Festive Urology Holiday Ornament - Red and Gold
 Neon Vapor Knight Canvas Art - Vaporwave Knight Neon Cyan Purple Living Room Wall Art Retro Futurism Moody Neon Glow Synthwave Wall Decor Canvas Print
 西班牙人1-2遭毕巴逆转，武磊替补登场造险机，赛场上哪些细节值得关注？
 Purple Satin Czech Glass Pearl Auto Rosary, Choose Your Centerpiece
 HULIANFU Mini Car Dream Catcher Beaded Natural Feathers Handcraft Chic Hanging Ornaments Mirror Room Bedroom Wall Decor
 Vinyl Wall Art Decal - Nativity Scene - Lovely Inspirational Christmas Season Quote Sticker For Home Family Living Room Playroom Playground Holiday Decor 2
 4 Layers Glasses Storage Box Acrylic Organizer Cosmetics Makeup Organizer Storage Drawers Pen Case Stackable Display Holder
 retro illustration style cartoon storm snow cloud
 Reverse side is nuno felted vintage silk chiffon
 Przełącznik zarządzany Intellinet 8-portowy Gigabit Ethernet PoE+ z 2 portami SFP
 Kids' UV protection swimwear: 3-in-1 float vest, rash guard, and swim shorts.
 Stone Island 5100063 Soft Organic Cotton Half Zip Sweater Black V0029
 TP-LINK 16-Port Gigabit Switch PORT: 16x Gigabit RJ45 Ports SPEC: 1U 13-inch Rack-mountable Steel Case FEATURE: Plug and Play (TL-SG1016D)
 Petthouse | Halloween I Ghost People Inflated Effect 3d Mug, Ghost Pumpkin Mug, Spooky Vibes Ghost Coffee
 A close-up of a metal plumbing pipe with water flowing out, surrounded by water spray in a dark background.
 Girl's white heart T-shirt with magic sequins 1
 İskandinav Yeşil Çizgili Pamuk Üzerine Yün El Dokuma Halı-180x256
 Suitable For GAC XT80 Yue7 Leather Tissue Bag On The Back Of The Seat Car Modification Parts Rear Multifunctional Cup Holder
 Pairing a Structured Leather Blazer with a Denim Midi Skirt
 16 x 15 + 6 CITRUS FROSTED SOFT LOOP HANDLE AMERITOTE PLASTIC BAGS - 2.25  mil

* [YOUR ASSIGNMENT] The output should match the records above exactly, entry for entry.

* [RESPONSE TO THIS EXERCISE]
Festive Urology Holiday Ornament - Red and Gold
 Neon Vapor Knight Canvas Art - Vaporwave Knight Neon Cyan Purple Living Room Wall Art Retro Futurism Moody Neon Glow Synthwave Wall Decor Canvas Print
 西班牙人1-2遭毕巴逆转，武磊替补登场造险机，赛场上哪些细节值得关注？
 Purple Satin Czech Glass Pearl Auto Rosary, Choose Your Centerpiece
 HULIANFU Mini Car Dream Catcher Beaded Natural Feathers Handcraft Chic Hanging Ornaments Mirror Room Bedroom Wall Decor
 Vinyl Wall Art Decal - Nativity Scene - Lovely Inspirational Christmas Season Quote Sticker For Home Family Living Room Playroom Playground Holiday Decor 2
 4 Layers Glasses Storage Box Acrylic Organizer Cosmetics Makeup Organizer Storage Drawers Pen Case Stackable Display Holder
 retro illustration style cartoon storm snow cloud
 Reverse side is nuno felted vintage silk chiffon
 Przełącznik zarządzany Intellinet 8-portowy Gigabit Ethernet PoE+ z 2 portami SFP
 Kids' UV protection swimwear: 3-in-1 float vest, rash guard, and swim shorts.
 Stone Island 5100063 Soft Organic Cotton Half Zip Sweater Black V0029
 TP-LINK 16-Port Gigabit Switch PORT: 16x Gigabit RJ45 Ports SPEC: 1U 13-inch Rack-mountable Steel Case FEATURE: Plug and Play (TL-SG1016D)
 Petthouse | Halloween I Ghost People Inflated Effect 3d Mug, Ghost Pumpkin Mug, Spooky Vibes Ghost Coffee
 A close-up of a metal plumbing pipe with water flowing out, surrounded by water spray in a dark background.
 Girl's white heart T-shirt with magic sequins 1
 İskandinav Yeşil Çizgili Pamuk Üzerine Yün El Dokuma Halı-180x256
 Suitable For GAC XT80 Yue7 Leather Tissue Bag On The Back Of The Seat Car Modification Parts Rear Multifunctional Cup Holder
 Pairing a Structured Leather Blazer with a Denim Midi Skirt
 16 x 15 + 6 CITRUS FROSTED SOFT LOOP HANDLE AMERITOTE PLASTIC BAGS - 2.25  mil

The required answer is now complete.